Em 25 de março de 2022 é editada a Medida Provisória nº 1.108, posteriormente convertida na Lei nº 14.442 de 2 de setembro 2022, que versa sobre a regulamentação do teletrabalho no Brasil. Na exposição de motivos, o objetivo da MP e da nova lei foi o de modernizar e oferecer maior clareza conceitual e segurança jurídica às relações trabalhistas regidas pela modalidade, em complemento às inovações já trazidas pela Reforma Trabalhista de 2017.

Elucida ainda que o teletrabalho foi adotado maciçamente durante a emergência de saúde pública causada pela Covid-19, como forma de manter o isolamento social dos trabalhadores. A ampla adoção dessa forma de trabalho, contudo, evidenciou a necessidade de se aprimorar a estrutura normativa do teletrabalho em alguns pontos.

Antes da Lei nº 14.442, o teletrabalho consistia na prestação de serviços preponderantemente fora das dependências do empregador, com utilização de tecnologias de informação e comunicação que, por sua natureza, não se constituíam como trabalho externo. Ela altera este art. 75-B da CLT para delimitar que o teletrabalho consiste na: prestação de serviços fora das dependências do empregador, de maneira preponderante ou não, com a utilização de tecnologias de informação e de comunicação, que, por sua natureza, não se configure como trabalho externo.

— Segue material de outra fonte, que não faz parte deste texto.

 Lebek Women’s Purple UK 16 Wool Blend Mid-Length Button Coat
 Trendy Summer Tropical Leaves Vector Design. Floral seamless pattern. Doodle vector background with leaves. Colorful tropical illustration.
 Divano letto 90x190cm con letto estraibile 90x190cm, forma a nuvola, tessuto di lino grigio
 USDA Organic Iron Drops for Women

Ressalta que mesmo havendo o comparecimento presencial habitual do trabalhador em regime de teletrabalho, isso não descaracteriza o regime de trabalho. Novamente em sua exposição de motivos é explicado que a medida visou conferir segurança jurídica às partes da relação trabalhista, já que de acordo com eles já é admitida a execução de tarefas específicas presencialmente de forma habitual, para aqueles que estão no regime de teletrabalho.

O empregado submetido ao regime de teletrabalho poderá prestar serviços por jornada ou por produção ou tarefa. Houve preocupação também em diferenciar o regime de teletrabalho com a ocupação de operador de telemarketing ou de teleatendimento, delimitando que não existe equiparação entre eles.

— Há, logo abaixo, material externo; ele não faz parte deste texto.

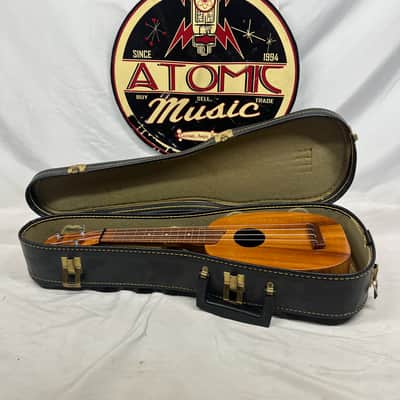 Kamaka Pineapple Soprano Ukulele with Case - SPLIT IN BACK OF BODY image 1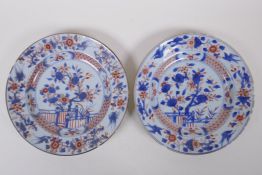 A pair of C18th/C19th Chinese Imari porcelain cabinet plates with floral decoration, AF, 22cm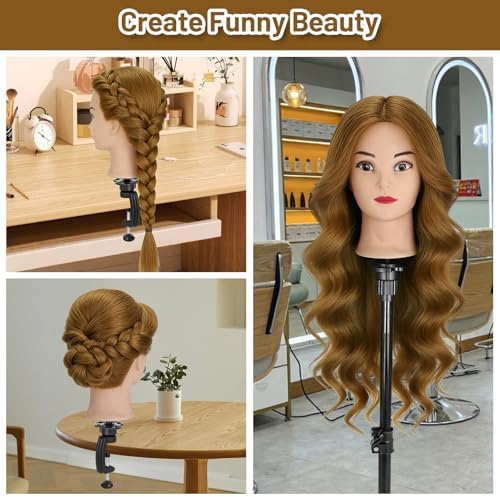 26" Mannequin Head with Hair for Hairdressing Training and Hair Styling - Image 5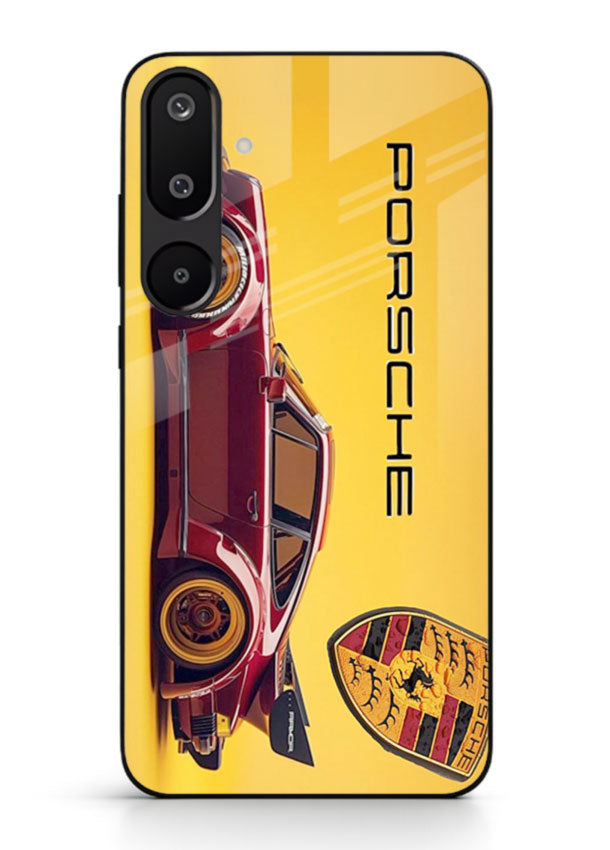 Classic Porsche car side profile with heritage styling and bold composition for Samsung M16 5G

Ademais, estabelece que o tempo de uso de equipamentos tecnológicos e de infraestrutura necessária, e de softwares, de ferramentas digitais ou de aplicações de internet utilizados para o teletrabalho, fora da jornada de trabalho normal do empregado, não constitui tempo à disposição, regime de prontidão ou de sobreaviso, exceto se houver previsão em acordo individual ou em acordo ou convenção coletiva de trabalho. Esses termos não estavam previstos na reforma da CLT que trouxe a regulamentação do teletrabalho, o que gerou grandes discussões e debates na seara trabalhista.

Fica também permitida a adoção do regime de teletrabalho para estagiários e aprendizes. No que diz respeito ao contrato de trabalho do empregado admitido no Brasil que optar pela realização de teletrabalho fora do território nacional, aplica-se a legislação brasileira, excetuadas as disposições constantes na Lei nº 7.064, legislação que versa sobre a situação de trabalhadores contratados ou transferidos para prestar serviços no exterior.

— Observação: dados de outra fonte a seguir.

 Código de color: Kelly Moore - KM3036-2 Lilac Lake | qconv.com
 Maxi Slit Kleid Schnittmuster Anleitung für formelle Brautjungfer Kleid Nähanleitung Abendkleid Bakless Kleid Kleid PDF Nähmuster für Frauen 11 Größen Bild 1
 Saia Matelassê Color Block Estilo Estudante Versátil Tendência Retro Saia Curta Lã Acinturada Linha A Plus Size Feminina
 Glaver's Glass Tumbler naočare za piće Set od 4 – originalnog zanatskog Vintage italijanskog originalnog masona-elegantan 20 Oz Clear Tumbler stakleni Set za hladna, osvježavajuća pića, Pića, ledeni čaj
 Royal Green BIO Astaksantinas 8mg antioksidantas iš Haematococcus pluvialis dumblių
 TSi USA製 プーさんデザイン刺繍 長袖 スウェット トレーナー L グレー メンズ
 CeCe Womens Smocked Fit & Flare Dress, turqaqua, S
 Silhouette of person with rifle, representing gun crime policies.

A lei garante ainda que o acordo individual poderá dispor sobre os horários e os meios de comunicação entre empregado e empregador, desde que assegurados os repousos legais. Ainda determina que os empregadores deverão conferir prioridade aos empregados com deficiência e aos empregados e empregadas com filhos ou crianças sob guarda judicial até quatro anos de idade na alocação em vagas para atividades que possam ser efetuadas por meio do teletrabalho ou trabalho remoto.

Neste aspecto, cabe uma distinção entre teletrabalho e home office, já que não são a mesma coisa, pois possuem características e atributos próprios. A Lei nº 13.467/2017 (Reforma Trabalhista) trouxe normatização própria acerca do teletrabalho pela primeira vez nos artigos 75-A ao 75-E da CLT, alterados pela MP 1.108. Antes da reforma trabalhista, a CLT não fazia distinção do trabalho realizado no estabelecimento do trabalhador ou a distância.

A prestação do serviço em caráter de teletrabalho pode se dar em qualquer lugar, sendo preponderantemente fornecido fora das dependências do empregador ou não, podendo ser prestado da residência do empregado.

Assim, com o teletrabalho, antes da MP nº 1.108 não haveria o controle de jornada do empregado, não sendo possível o direito ao adicional de horas extras, intervalo intrajornada, interjornada, dentre outros, já que o empregado, em regra, controla sua jornada. Existia apenas a exceção, que caso ficasse caracterizado o efetivo controle de jornada por parte da empresa, o empregado faria jus a esses pagamentos.

Com a MP nº 1.108, e posteriormente a Lei nº 14.442, o empregador passa a ter que controlar a jornada dos empregados nessa modalidade, salvo se estes prestam serviço por tarefa ou produção, exercem algum tipo de cargo de gestão e confiança, ou trabalham externamente.

Deverá constar expressamente em contrato individual de trabalho ou em aditivo que a atividade laboral será prestada por meio de teletrabalho. Sendo assim, é essencial que empregador e empregado formalizem como ocorrerá o custeio e o fornecimento de materiais e equipamentos necessários para a prestação da atividade, como, por exemplo, de computador, tablet, energia elétrica, internet, impressora e softwares. Deste modo, cabe trazer o disposto no artigo 75-D da CLT:

As disposições relativas à responsabilidade pela aquisição, manutenção ou fornecimento dos equipamentos tecnológicos e da infraestrutura necessária e adequada à prestação do trabalho remoto, bem como ao reembolso de despesas arcadas pelo empregado, serão previstas em contrato escrito.

Salienta-se que a CLT, em seu artigo 75-C § 2º, garante que o prazo de transição mínimo do regime de teletrabalho para o presencial aconteça em 15 (quinze) dias, com correspondente registro em aditivo contratual.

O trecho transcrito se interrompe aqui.